What the task requires>
Nothing past the line containing "71008box4.jpg" belongs in the output. Copy exactly every line of the data below from the first up to and including it.

Source records>
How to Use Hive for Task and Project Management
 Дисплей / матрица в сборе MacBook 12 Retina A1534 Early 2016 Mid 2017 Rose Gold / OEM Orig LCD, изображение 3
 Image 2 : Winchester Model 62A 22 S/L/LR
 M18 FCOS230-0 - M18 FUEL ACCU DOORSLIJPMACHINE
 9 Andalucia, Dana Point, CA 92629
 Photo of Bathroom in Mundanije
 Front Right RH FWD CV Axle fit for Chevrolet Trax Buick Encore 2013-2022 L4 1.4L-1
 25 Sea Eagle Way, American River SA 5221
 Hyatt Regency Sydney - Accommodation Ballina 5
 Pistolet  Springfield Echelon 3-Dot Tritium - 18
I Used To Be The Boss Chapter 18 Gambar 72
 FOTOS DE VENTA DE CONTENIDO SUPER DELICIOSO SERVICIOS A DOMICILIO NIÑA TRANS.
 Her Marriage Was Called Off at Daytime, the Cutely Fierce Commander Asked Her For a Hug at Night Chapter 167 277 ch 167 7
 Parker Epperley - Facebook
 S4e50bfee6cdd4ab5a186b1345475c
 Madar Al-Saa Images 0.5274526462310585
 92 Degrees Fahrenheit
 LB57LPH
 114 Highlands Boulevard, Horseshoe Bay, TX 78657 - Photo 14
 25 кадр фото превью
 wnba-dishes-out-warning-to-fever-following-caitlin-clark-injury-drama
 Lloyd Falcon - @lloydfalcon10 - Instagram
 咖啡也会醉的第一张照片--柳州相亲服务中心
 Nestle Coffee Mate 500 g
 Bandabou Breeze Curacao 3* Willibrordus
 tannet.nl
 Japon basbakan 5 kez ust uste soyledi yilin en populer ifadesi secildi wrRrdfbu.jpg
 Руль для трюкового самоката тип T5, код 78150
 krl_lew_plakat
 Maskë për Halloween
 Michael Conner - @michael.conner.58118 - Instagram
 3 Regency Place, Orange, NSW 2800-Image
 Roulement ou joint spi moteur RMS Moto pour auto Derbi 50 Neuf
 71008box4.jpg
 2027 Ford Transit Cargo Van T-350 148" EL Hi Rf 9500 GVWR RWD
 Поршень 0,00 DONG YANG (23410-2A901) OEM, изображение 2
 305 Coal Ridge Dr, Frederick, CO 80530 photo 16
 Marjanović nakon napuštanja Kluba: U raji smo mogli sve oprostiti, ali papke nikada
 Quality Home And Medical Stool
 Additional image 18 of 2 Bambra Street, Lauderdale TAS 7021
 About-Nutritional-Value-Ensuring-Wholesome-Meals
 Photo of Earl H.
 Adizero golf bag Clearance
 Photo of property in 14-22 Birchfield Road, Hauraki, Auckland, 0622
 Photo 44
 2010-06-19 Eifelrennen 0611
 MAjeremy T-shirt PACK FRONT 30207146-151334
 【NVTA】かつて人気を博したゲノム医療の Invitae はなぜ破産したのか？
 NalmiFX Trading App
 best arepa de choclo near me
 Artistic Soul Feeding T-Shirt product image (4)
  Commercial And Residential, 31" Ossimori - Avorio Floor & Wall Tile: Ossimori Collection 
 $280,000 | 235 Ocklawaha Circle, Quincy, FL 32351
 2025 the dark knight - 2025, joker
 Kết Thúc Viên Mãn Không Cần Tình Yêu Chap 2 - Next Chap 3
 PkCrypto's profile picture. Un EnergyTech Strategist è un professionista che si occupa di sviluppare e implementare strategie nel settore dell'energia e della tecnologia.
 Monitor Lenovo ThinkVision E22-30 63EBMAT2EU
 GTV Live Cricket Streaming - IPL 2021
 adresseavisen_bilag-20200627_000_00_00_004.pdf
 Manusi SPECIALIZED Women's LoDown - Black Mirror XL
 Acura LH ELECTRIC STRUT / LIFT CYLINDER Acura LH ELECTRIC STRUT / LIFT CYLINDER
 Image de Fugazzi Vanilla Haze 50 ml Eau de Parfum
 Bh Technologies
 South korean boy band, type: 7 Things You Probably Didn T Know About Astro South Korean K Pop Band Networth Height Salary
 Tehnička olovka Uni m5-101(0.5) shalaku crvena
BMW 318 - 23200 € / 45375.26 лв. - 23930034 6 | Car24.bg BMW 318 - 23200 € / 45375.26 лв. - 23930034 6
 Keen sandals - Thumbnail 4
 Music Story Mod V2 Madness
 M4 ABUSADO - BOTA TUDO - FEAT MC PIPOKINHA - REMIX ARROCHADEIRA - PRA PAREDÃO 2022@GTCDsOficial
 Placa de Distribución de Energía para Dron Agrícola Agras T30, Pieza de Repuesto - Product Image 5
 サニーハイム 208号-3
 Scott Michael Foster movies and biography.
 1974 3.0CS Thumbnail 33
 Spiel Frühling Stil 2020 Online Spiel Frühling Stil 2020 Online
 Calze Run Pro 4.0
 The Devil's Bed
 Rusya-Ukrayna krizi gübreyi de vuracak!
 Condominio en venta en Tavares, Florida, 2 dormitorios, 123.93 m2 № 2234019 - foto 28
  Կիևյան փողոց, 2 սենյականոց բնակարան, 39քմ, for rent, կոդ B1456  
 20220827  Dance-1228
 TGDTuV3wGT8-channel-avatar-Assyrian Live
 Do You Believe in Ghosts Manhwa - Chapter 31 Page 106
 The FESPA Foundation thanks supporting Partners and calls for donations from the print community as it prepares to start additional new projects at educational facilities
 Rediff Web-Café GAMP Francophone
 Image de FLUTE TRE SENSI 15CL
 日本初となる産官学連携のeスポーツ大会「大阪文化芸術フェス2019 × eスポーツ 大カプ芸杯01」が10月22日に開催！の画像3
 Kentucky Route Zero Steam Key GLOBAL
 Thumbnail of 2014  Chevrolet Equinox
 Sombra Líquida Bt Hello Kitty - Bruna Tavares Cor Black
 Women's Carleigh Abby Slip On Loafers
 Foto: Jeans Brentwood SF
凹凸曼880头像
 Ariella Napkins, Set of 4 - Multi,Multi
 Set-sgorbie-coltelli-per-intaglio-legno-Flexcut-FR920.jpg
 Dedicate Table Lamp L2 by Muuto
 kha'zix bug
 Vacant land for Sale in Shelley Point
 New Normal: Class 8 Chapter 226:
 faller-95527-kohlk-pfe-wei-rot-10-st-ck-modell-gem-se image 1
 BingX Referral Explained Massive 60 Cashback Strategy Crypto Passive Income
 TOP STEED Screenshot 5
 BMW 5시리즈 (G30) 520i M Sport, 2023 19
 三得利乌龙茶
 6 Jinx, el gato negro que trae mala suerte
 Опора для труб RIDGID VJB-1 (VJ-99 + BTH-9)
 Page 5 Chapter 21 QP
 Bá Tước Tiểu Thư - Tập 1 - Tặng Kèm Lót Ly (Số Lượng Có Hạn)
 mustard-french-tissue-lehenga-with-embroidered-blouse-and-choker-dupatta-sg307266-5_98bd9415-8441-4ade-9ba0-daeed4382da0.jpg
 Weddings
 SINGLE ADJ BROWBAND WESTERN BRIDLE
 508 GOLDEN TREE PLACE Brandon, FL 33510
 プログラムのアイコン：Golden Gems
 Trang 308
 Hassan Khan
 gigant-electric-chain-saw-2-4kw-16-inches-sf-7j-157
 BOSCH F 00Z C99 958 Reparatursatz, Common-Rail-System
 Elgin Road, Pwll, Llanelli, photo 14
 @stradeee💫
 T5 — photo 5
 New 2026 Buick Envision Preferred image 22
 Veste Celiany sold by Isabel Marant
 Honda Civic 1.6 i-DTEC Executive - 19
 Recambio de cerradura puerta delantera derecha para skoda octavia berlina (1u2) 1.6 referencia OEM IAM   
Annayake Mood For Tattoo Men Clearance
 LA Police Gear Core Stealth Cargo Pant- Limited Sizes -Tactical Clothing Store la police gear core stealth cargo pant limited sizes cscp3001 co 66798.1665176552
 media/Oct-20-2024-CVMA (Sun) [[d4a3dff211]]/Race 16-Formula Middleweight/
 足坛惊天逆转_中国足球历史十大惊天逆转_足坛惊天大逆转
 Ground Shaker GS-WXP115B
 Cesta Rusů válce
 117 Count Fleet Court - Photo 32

Response>
How to Use Hive for Task and Project Management
 Дисплей / матрица в сборе MacBook 12 Retina A1534 Early 2016 Mid 2017 Rose Gold / OEM Orig LCD, изображение 3
 Image 2 : Winchester Model 62A 22 S/L/LR
 M18 FCOS230-0 - M18 FUEL ACCU DOORSLIJPMACHINE
 9 Andalucia, Dana Point, CA 92629
 Photo of Bathroom in Mundanije
 Front Right RH FWD CV Axle fit for Chevrolet Trax Buick Encore 2013-2022 L4 1.4L-1
 25 Sea Eagle Way, American River SA 5221
 Hyatt Regency Sydney - Accommodation Ballina 5
 Pistolet  Springfield Echelon 3-Dot Tritium - 18
I Used To Be The Boss Chapter 18 Gambar 72
 FOTOS DE VENTA DE CONTENIDO SUPER DELICIOSO SERVICIOS A DOMICILIO NIÑA TRANS.
 Her Marriage Was Called Off at Daytime, the Cutely Fierce Commander Asked Her For a Hug at Night Chapter 167 277 ch 167 7
 Parker Epperley - Facebook
 S4e50bfee6cdd4ab5a186b1345475c
 Madar Al-Saa Images 0.5274526462310585
 92 Degrees Fahrenheit
 LB57LPH
 114 Highlands Boulevard, Horseshoe Bay, TX 78657 - Photo 14
 25 кадр фото превью
 wnba-dishes-out-warning-to-fever-following-caitlin-clark-injury-drama
 Lloyd Falcon - @lloydfalcon10 - Instagram
 咖啡也会醉的第一张照片--柳州相亲服务中心
 Nestle Coffee Mate 500 g
 Bandabou Breeze Curacao 3* Willibrordus
 tannet.nl
 Japon basbakan 5 kez ust uste soyledi yilin en populer ifadesi secildi wrRrdfbu.jpg
 Руль для трюкового самоката тип T5, код 78150
 krl_lew_plakat
 Maskë për Halloween
 Michael Conner - @michael.conner.58118 - Instagram
 3 Regency Place, Orange, NSW 2800-Image
 Roulement ou joint spi moteur RMS Moto pour auto Derbi 50 Neuf
 71008box4.jpg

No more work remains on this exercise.